By definition, calculation of the change in entropy requires information about a reversible path connecting the initial and final equilibrium states. To calculate changes in entropy for real (irreversible) processes, we must remember that entropy (like internal energy) depends only on the state of the system. That is, entropy is a state function. Hence, the change in entropy when a system moves between any two equilibrium states depends only on the initial and final states. We can show that if this were not the case, the second law of thermodynamics would be violated.

We now calculate the entropy change in some irreversible process between two equilibrium states by devising a reversible process (or series of reversible processes) between the same two states and computing ΔS= ∫ dQ r / T for the reversible process. In irreversible processes, it is critically important that we distinguish between Q, the actual energy transfer in the process, and Q r , the energy that would have been transferred by heat along a reversible path. Only Q r is the correct value to be used in calculating the entropy change.

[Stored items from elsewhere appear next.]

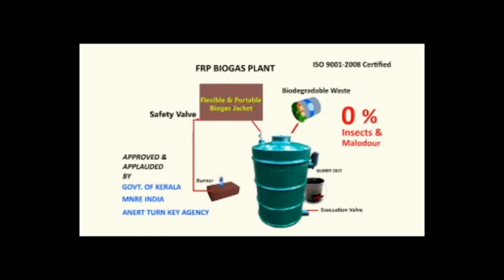We can check the strength of the flame on the burner. If you feel that the flame is insufficient for cooking, open the valve and empty the gas filled in the jacket. You have to continue this process until you get a sufficient flame for cooking. From the seventh day onwards, you can put biodegradable waste into the digester plant.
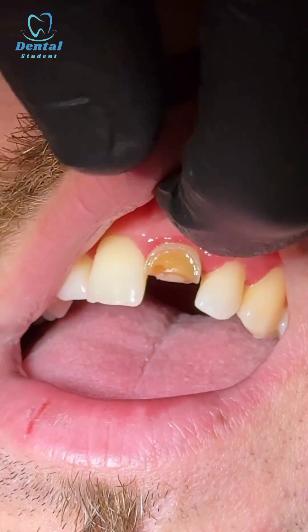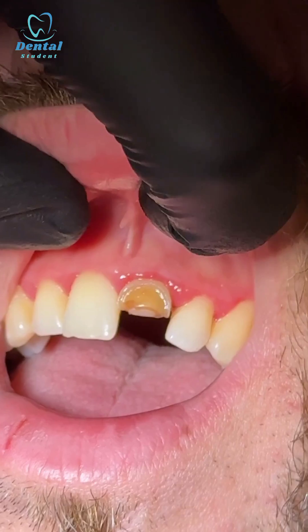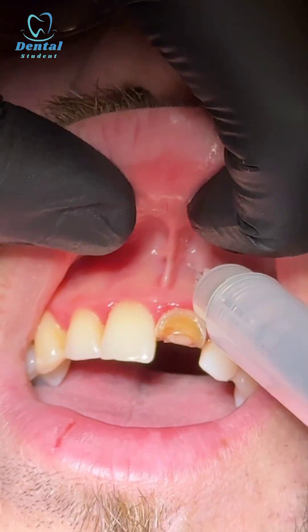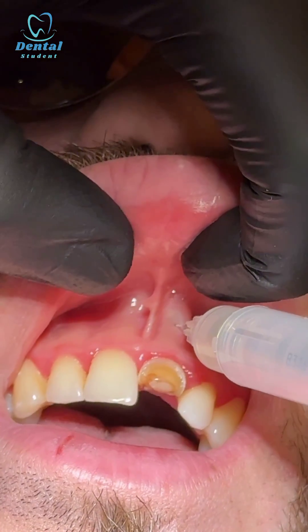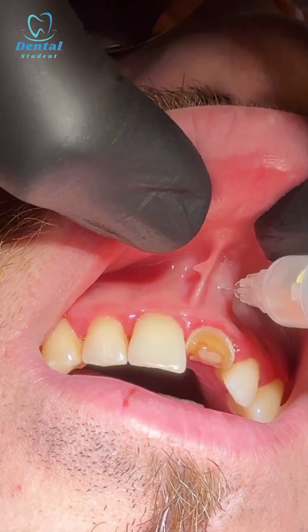For the upper left one, you need to numb up the anterior superior alveolar nerve. You go at 45 degrees to the tooth, toward the apex of the tooth. Sharp scratch — you gently, slowly inject. 45 degrees — note the angulation to the tooth.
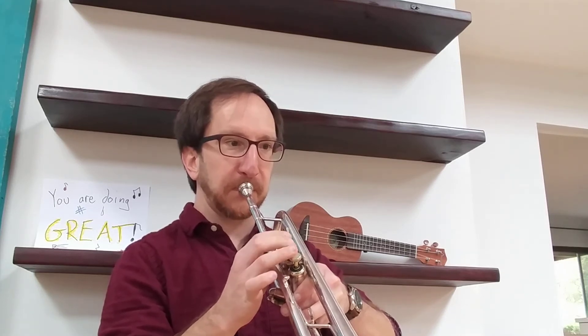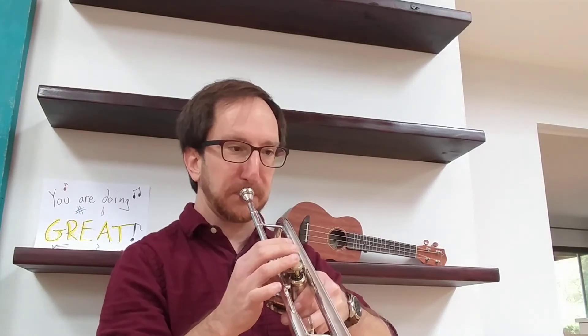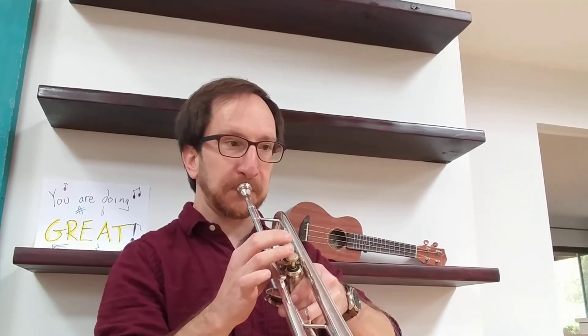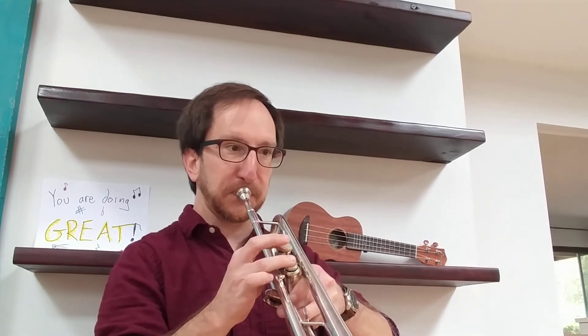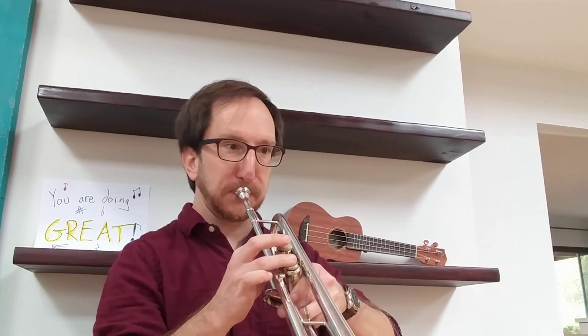Thank you. Happy practicing with this one. I'm going to make some instrument-specific videos on some fingerings that you might need for this song.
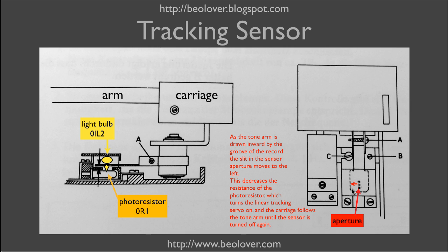As the tone arm gets pulled inwards by the groove of the record, the aperture moves concurrently. That increases the amount of light falling on the photosensor below, which turns on the linear tracking servo, moving the carriage towards the center of the record. This restores the position of the tone arm and the aperture returns to its start position — a negative feedback loop that tracks the carriage after the tone arm movement determined by the record groove.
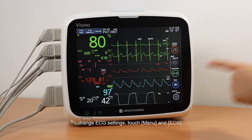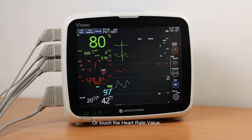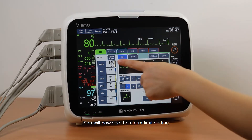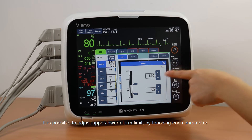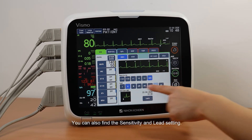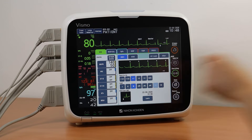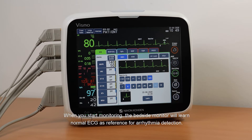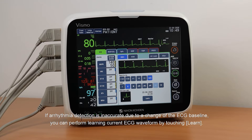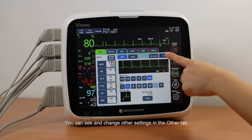To change the ECG settings, touch Menu and ECG, or touch the Heart Rate value. You will see the Alarm Limit setting. It is possible to adjust the upper and lower alarm limits by touching each parameter. You can also find Sensitivity and Lead settings. When you start monitoring, the bedside monitor will learn normal ECG as a reference for arrhythmia detection. If arrhythmia detection is inaccurate due to a change in the ECG baseline, you can perform Learning Current ECG Waveform by touching Learn. You can see and change other settings in the Other tab.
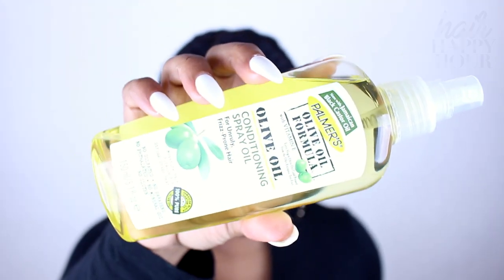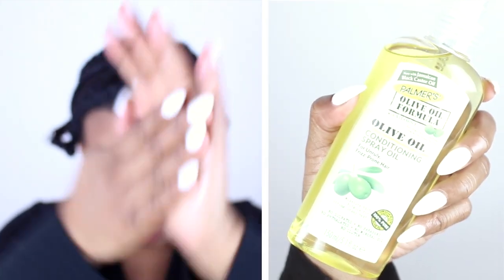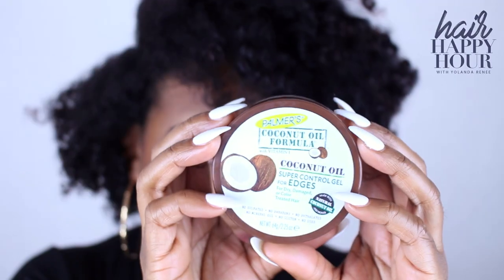Hello Curls, it's Yolanda Renee. We are going to kick off this hair happy hour with a quick styling tutorial. I started my hair with flat twists, so it's a flat twist out, but I'm going to be adding some bobby pins because when I think of holiday hair, I definitely think of accessories.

As we shall see in the following examples, the change in entropy for a system and its surroundings is always positive for an irreversible process. In general, the total entropy - and therefore the disorder - always increase in an irreversible process. Keeping these considerations in mind, we can state the second law of thermodynamics as follows:
“The total entropy of an isolated system that undergoes a change can never decrease.”
Furthermore, if the process is irreversible, then the total entropy of an isolated system always increases. In a reversible process, the total entropy of an isolated system remains constant.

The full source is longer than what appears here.